Right ventricular function and RV-PA coupling declined progressively across American College of Cardiology Foundation/American Heart Association HF stages. Among persons free of HF, lower RVEF was associated with incident HF or death independent of LVEF or N-terminal pro b-type natriuretic peptide.
关于普通人群中心力衰竭(HF)中右心室(RV)功能障碍的患病率和预后重要性,现有数据有限。
评估社区老年人队列中 RV 功能障碍的患病率及其与 HF 和死亡率的关系。
设计、地点和参与者:这是一项横断面和时间事件分析,参与者来自多中心、基于人群的 Atherosclerosis Risks in the Community(ARIC)研究,在 2011 年至 2013 年的第五次研究访问中进行,中位随访时间为 4.1 年。本研究纳入了 1004 名参加 ARIC 研究的老年人,他们在第五次研究访问时接受了三维和二维 RV 超声心动图检查。
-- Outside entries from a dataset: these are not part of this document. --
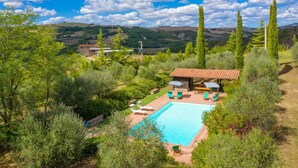 A pool area with lounge chairs and a covered seating area, surrounded by greenery and hills in the background. - Villa Il Giulione Large Private Pool, WiFi (Acquapendente)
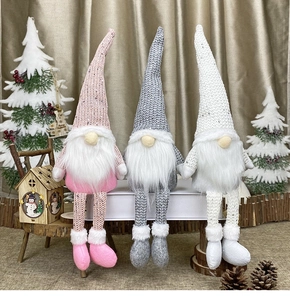 Three long-legged Christmas gnomes with sequined knit hats and white faux fur beards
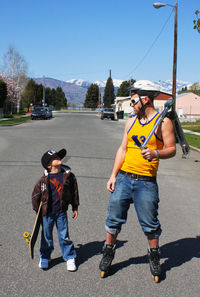 Full length of father and son at street on sunny day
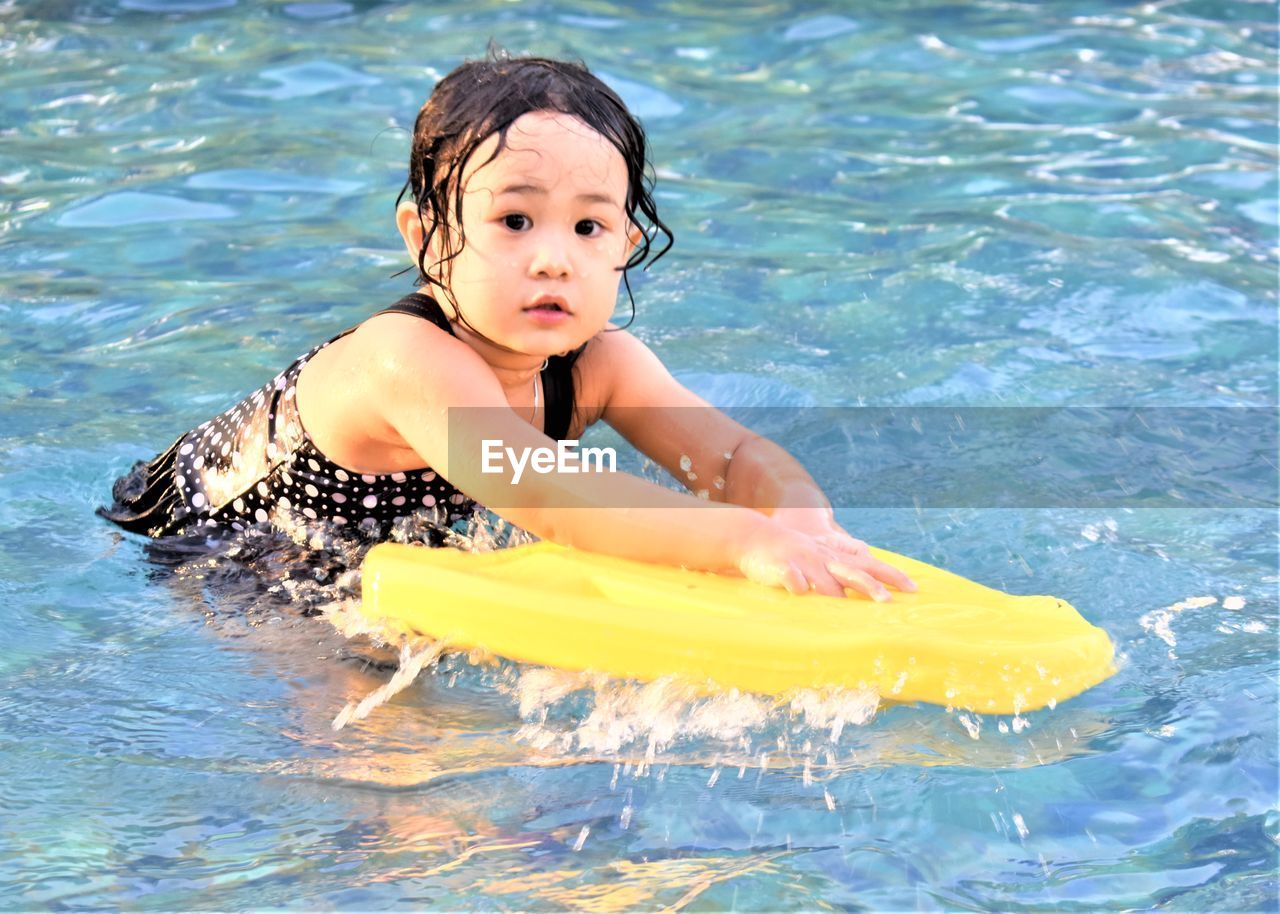 FULL LENGTH OF SHIRTLESS BOY SWIMMING IN WATER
三维超声心动图数据于 2015 年 9 月 15 日至 2016 年 7 月 24 日进行分析。
右心室射血分数(RVEF)、由 RVEF/PA 收缩压(PASP)比值定义的 RV-PA 偶联以及通过三维超声心动图测量的 RV 纵向应变。
对于横断面分析,根据美国心脏病学会基金会/美国心脏协会 HF 分期(0 期;A 期,HF 风险升高但无结构性心脏病或临床 HF;B 期,结构性心脏病但无临床 HF;C 期,HF 流行)评估 RV 功能障碍的患病率。对于时间事件分析,评估无 HF 的参与者在第 5 次就诊时发生 HF 住院或全因死亡的复合终点。
在 1004 名参与者中,平均(标准差)年龄为 76(5)岁,385 名男性(38%),121 名黑人(12%)。平均 RVEF 为 53%(8%)。随着 HF 分期的进展,RVEF、RVEF/PASP 和 RV 纵向应变逐渐降低。使用 0 期参与者的参考范围,103 名无症状 A 期 HF 患者(15%)和 27 名 B 期 HF 患者(24%)的 RVEF 异常。在基线时无 HF 的参与者中,较低的 RVEF 和较差的 RV-PA 偶联(即,较低的 RVEF/PASP 比值)与 HF 或死亡的发生独立相关,独立于 LVEF 和 N-末端 pro-B 型利钠肽(NT-proBNP)(每降低 5%,风险比为 1.20;95%CI,1.02-1.42;P=0.03;每降低 0.5 单位 RVEF/PASP 比值,风险比为 1.65;95%CI,1.15-2.37;P=0.007)。
在 ACCF/AHA HF 分期中,RV 功能和 RV-PA 偶联逐渐下降。在无 HF 的人群中,较低的 RVEF 与 HF 或死亡的发生独立于 LVEF 或 NT-proBNP 相关。